Making Yourself as Calm as Buddha for the LSAT
Here at MSS, we’re fairly open-minded. I think, based on an informal poll of one person, that we all voted for Proposition 19 (except me, because I don’t vote). I’m pretty sure that we have more bearded employees than any company in the LA area outside of those that grow marijuana. I even live with a girl who has a toaster that plays the Winnie the Pooh song.
So I want you to understand that we’re not an outwardly judgmental people when I say this: I’m sort of appalled by students using non-prescription beta blockers. Lawyers.com has a this-week-in-no-shit post concerning college and high school students taking beta blockers to calm themselves down prior to the standardized tests, big performances, or any kind of high pressure situation. Beta blockers help to keep your body from pumping adrenaline and generally just keep you as cool as a cucumber.

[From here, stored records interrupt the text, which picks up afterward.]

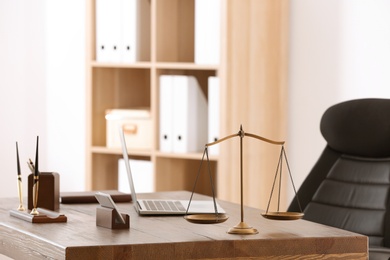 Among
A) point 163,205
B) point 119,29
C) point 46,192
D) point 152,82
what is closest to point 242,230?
point 163,205

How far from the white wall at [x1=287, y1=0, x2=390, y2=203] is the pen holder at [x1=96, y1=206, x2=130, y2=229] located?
177cm

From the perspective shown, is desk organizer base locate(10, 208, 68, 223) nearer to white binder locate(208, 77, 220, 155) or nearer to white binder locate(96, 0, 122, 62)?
white binder locate(208, 77, 220, 155)

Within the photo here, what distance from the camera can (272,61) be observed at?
4066 millimetres

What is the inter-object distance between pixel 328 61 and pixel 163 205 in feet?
5.04

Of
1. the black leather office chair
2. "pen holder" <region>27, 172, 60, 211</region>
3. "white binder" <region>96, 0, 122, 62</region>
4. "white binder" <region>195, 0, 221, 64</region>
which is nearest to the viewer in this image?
"pen holder" <region>27, 172, 60, 211</region>

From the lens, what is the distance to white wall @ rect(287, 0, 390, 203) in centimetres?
381

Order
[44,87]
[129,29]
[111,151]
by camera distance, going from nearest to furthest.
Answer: [129,29]
[111,151]
[44,87]

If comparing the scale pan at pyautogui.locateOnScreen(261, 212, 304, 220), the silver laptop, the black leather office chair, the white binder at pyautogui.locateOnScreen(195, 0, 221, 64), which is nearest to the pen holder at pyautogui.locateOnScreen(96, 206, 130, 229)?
the silver laptop

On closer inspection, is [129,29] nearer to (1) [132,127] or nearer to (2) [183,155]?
(1) [132,127]

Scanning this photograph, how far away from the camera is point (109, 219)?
236 centimetres

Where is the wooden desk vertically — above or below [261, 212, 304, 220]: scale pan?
below

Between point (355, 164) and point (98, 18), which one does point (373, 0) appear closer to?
point (355, 164)

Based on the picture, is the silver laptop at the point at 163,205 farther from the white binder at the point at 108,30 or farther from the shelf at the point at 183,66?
the white binder at the point at 108,30

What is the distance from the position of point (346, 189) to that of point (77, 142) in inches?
92.0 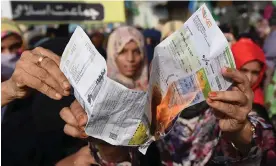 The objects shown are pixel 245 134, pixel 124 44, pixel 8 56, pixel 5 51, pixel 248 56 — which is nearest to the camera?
pixel 245 134

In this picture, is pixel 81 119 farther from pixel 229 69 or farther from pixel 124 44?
pixel 124 44

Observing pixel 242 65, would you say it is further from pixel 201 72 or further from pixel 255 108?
pixel 201 72

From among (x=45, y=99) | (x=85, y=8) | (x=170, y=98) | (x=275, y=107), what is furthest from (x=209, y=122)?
(x=85, y=8)

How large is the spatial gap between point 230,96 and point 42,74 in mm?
387

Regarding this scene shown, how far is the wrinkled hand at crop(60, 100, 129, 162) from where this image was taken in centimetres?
95

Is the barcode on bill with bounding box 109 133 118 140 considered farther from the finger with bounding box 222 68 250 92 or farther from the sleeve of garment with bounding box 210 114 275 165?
the sleeve of garment with bounding box 210 114 275 165

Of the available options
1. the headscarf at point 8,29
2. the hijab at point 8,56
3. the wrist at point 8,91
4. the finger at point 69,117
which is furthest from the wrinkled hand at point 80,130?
the headscarf at point 8,29

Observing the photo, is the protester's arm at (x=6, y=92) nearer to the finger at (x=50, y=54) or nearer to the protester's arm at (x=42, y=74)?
the protester's arm at (x=42, y=74)

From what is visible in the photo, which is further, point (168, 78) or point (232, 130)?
point (232, 130)

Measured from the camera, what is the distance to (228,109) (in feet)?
3.34

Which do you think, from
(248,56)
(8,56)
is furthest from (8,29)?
(248,56)

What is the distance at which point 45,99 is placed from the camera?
4.45 ft

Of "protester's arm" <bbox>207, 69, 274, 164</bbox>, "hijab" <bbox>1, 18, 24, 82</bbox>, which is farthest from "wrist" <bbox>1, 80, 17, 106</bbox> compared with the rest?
"hijab" <bbox>1, 18, 24, 82</bbox>

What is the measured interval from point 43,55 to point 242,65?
6.52 feet
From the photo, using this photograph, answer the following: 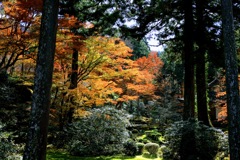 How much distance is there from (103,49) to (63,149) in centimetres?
556

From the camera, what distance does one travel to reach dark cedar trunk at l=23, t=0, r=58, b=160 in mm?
4992

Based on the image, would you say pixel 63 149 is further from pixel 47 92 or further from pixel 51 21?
pixel 51 21

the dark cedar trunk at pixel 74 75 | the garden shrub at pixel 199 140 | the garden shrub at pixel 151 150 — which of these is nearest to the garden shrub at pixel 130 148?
the garden shrub at pixel 151 150

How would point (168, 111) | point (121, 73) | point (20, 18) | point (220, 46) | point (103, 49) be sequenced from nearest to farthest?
point (20, 18), point (220, 46), point (103, 49), point (121, 73), point (168, 111)

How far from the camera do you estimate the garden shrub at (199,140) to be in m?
7.85

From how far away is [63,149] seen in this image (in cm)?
1130

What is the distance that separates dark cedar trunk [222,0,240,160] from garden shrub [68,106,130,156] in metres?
6.14

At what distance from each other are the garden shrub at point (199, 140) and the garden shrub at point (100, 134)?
9.45ft

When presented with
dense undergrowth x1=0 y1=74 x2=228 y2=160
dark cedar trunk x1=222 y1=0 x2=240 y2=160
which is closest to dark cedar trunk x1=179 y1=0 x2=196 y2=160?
dense undergrowth x1=0 y1=74 x2=228 y2=160

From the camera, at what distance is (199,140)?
26.2 ft

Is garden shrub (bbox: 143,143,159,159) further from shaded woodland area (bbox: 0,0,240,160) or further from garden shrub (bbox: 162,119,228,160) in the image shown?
garden shrub (bbox: 162,119,228,160)

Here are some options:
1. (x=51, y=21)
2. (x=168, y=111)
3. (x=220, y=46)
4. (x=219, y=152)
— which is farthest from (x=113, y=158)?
(x=168, y=111)

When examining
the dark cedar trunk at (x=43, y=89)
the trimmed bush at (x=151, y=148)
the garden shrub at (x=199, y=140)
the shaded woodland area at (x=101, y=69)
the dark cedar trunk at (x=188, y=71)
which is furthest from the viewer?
the trimmed bush at (x=151, y=148)

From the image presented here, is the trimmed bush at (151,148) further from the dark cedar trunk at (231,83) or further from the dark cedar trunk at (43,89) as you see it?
the dark cedar trunk at (43,89) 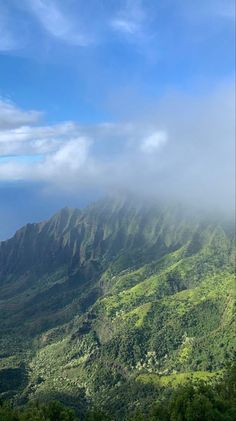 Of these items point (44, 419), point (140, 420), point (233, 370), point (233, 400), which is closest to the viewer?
point (44, 419)

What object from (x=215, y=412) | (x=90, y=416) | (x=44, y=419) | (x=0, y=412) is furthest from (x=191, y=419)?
(x=0, y=412)

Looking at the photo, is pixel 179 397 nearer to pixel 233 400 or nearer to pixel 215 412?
pixel 215 412

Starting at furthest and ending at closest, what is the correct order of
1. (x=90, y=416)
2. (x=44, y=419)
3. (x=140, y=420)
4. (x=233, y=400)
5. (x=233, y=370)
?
(x=233, y=370) → (x=233, y=400) → (x=90, y=416) → (x=140, y=420) → (x=44, y=419)

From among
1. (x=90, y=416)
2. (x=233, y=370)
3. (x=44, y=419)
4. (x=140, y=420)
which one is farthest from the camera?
(x=233, y=370)

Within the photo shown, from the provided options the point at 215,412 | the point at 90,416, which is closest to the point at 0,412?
the point at 90,416

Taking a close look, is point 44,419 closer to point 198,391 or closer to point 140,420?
point 140,420

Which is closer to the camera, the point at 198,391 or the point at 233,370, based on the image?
the point at 198,391

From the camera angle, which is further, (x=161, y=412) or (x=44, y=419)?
(x=161, y=412)

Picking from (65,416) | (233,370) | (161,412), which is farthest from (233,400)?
(65,416)

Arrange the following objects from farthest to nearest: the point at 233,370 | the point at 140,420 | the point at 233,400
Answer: the point at 233,370 → the point at 233,400 → the point at 140,420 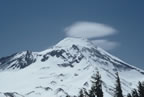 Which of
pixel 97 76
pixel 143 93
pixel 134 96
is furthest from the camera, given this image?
pixel 134 96

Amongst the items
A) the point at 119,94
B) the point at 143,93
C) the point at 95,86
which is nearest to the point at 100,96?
the point at 95,86

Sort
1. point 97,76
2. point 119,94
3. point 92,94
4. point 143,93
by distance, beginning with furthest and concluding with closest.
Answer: point 143,93 < point 119,94 < point 92,94 < point 97,76

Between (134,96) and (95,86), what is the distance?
115 feet

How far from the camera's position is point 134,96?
3812 inches

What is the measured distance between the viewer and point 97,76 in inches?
2525

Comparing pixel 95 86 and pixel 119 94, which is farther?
pixel 119 94

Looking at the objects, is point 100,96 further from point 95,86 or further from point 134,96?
point 134,96

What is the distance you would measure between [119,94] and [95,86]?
1184cm

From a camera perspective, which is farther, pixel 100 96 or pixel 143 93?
pixel 143 93

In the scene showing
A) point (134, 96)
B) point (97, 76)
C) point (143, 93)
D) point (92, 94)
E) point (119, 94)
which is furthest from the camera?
point (134, 96)

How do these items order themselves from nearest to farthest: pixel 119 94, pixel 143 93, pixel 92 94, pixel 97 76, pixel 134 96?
1. pixel 97 76
2. pixel 92 94
3. pixel 119 94
4. pixel 143 93
5. pixel 134 96

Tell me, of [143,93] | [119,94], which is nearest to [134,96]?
[143,93]

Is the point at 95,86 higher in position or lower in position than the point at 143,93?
lower

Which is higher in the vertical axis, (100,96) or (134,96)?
(134,96)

First, I want to direct your attention to Trent’s blog post from the early days of MSS where he tackles the dangers of so-called smart drugs (and really, any drug that hasn’t been sufficiently scrubbed of side effects). Generally, just some good reading, a lot of which I will echo here.
Beta blockers basically (at least as far as I can figure out from a quick google search) inhibit your fight-or-flight mechanism. Naturally, as we all can see, the real danger is that if there is a bear attack in the middle of your LSAT, and you’ve downed a beta blocker cocktail, your ass is going to be grass.
But what really weirds me out, as a dyed-in-the-wool lazy bastard, is why anyone in their right mind would take a drug with the potential side effect of heart failure to be calmer during the SAT. Or the LSAT. Or whatever. I understand that every day walking down the street involves a constant assault of threats that could potentially end your life (trucks, homeless people, Taco Bell), I just don’t get why anyone would add more on top of the pile to be calmer for a test. Not smarter. Calmer.
Before you start throwing back a potent mixture of adderall, beta blockers, and Nyquil to really get that edge on standardized test day, you should probably consider the idea that maybe, just maybe, studying effectively for it will mitigate a lot of the nervousness that you feel. I can’t talk too specifically about the SAT, because that was eight years and many beers ago, but as I’m currently indentured to an LSAT company, I’ve got a pretty good idea for how to make sure you don’t have nerves on test day: get so badass at the test that the LSAT needs a stiff glass of Scotch before you walk in to the test center.
The LSAT is not an intelligence test, it’s a hard-work test. Trying to skate around that will apparently leave you extremely calm with a slightly elevated chance of heart failure and a pretty weak LSAT score.
And alopecia. Which is hair loss. Which, as a guy in the middle of his own personal recession, is something I think we all should avoid at all costs.